Spruch:
Der Revision wird nicht Folge gegeben.
Text
Entscheidungsgründe:
Der Kläger verließ am 24. 9. 1997 - wie regelmäßig an jedem Werktag - gegen 5 Uhr früh seine Wohnung im Haus U*****straße 36 in W*****, um seine in unmittelbarer Nähe gelegene Arbeitsstelle bei der Firma R***** & Co GmbH aufzusuchen. Als der Kläger die Haustüre zusperren wollte, wurde er von zwei unbekannten Tätern mit Stöcken niedergeschlagen und schwer verletzt. Bei der Behandlung der vom Kläger erlittenen Verletzungen traten keine Komplikationen auf. Der Kläger war ab 13. 11. 1997 wieder arbeitsfähig. Zum Zeitpunkt 24. 12. 1997 lag die unfallskausale Minderung der Erwerbsfähigkeit jedenfalls deutlich unter 20 vH. Zu den Hintergründen der Tat wurde festgestellt, daß der Kläger aus der Osttürkei stammt und sich selbst als Kurde bezeichnet. Das Wochenende verbringt der Kläger mit seinen kurdischen Freunden in einem Lokal in W*****, wobei auch über den zwischen der türkischen Regierung und den Kurden bestehenden Konflikt diskutiert wird. Nach einem 1994/1995 verübten Brandanschlag auf ein türkisches Lokal wurden der Kläger und seine kurdischen Freunde der Täterschaft bezichtigt. Der Kläger wurde in diesem Zusammenhang als Verdächtiger einvernommen, ein gerichtliches Strafverfahren gegen ihn wurde jedoch nicht eingeleitet. Der Überfall auf den Kläger am 24. 9. 1997 wurde von Türken verübt, die sich am Kläger wegen des gegen ihn gerichteten Verdachtes, sich an dem Brandanschlag auf das türkische Lokal beteiligt zu haben, rächen wollten.
Mit Bescheid vom 14. 1. 1998 sprach die beklagte Partei aus, daß der Vorfall vom 24. 9. 1997 gemäß § 175 ASVG nicht als Arbeitsunfall anerkannt werde und Leistungen gemäß § 173 ASVG nicht gewährt werden.
Gegen diesen Bescheid richtet sich die vorliegende Klage, mit der der Kläger begehrt, die beklagte Partei zur Gewährung einer Versehrtenrente im Ausmaß von 30 vH ab dem Tag nach Eintritt des Versicherungsfalles zu verpflichten.
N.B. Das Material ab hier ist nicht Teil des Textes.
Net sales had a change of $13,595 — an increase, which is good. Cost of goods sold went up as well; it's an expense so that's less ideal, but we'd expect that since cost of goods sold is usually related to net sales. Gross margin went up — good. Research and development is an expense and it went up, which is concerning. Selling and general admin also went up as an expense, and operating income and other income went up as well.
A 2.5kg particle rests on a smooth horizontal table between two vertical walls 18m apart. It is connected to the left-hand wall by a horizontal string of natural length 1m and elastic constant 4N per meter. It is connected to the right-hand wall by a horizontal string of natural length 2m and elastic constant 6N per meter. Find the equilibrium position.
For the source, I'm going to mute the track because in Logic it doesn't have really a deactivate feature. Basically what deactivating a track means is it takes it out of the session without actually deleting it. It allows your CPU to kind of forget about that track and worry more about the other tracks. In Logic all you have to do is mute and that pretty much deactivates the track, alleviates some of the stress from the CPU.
Das Erstgericht wies das Klagebegehren, die beklagte Partei sei schuldig, den Vorfall vom 24. 9. 1997 als Arbeitsunfall anzuerkennen und dem Kläger für die Folgen dieses Unfalles eine Versehrtenrente im gesetzlichen Ausmaß von 30 vH der Vollrente ab Anfallstag zu gewähren, ab.
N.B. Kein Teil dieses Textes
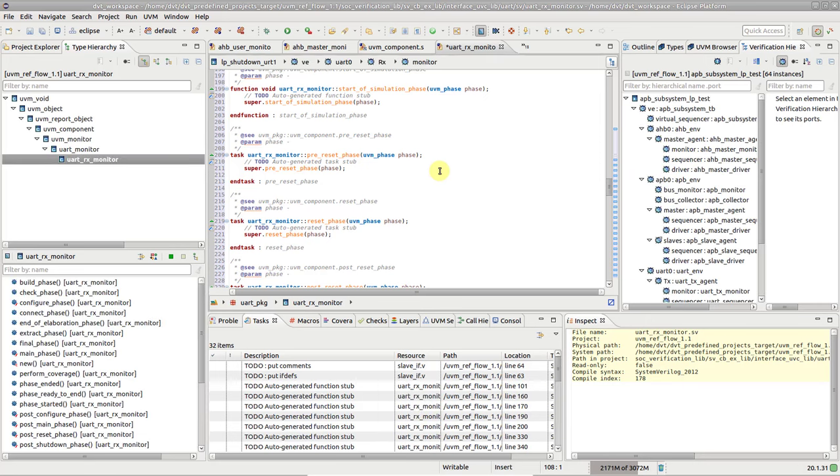The object-oriented capabilities of SystemVerilog make it a very powerful language. The UVM builds even further on top of this solid foundation. Writing and debugging a complex verification environment can prove to be quite a challenging task. DVT Eclipse provides an abundance of features that help you quickly and efficiently understand, visualize, navigate, and write code.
Ausgehend vom eingangs wiedergegebenen Sachverhalt gelangte das Erstgericht in rechtlicher Hinsicht zu dem Ergebnis, daß kein geschützter Wegunfall im Sinn des § 175 Abs 2 Z 1 ASVG vorliege. Der Überfall resultiere allein aus einer der Privatsphäre des Klägers zuzurechnenden selbstgeschaffenen Gefahr und hätte sich genauso auch bei jedem mit der Arbeitsleistung des Klägers nicht in Zusammenhang stehenden Verlassen der Wohnung ereignen können, sodaß sich der Arbeitsweg als bloß zufälliger Schauplatz dieser Gefahrenverwirklichung darstelle. Im übrigen hätte dem Kläger die begehrte Versehrtenrente auch deshalb nicht zuerkannt werden können, weil keine Minderung der Erwerbsfähigkeit im rentenbegründenden Ausmaß für die Dauer von mehr als drei Monaten nach dem Unfall eingetreten sei.
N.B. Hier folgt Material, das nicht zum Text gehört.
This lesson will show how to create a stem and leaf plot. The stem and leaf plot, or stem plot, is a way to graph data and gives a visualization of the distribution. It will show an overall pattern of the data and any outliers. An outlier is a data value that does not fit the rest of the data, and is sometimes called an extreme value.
Das Berufungsgericht gab der Berufung des Klägers teilweise Folge. Es bestätigte die Abweisung des Begehrens auf Gewährung einer 30 %igen Versehrtenrente und änderte das Urteil dahingehend ab, daß es im Sinne des im Leistungsbegehren enthaltenen Feststellungsbegehrens feststellte, daß das beim Kläger bestehende, verdickte Daumensattelgrundgelenk mit minimaler Bewegungseinschränkung, die vorhandene Kraftminderung in der linken Hand sowie die fast unsichtbaren, beschwerdefreien Narben am Schädel Folgen des Arbeitsunfalles vom 24. 9. 1997 seien.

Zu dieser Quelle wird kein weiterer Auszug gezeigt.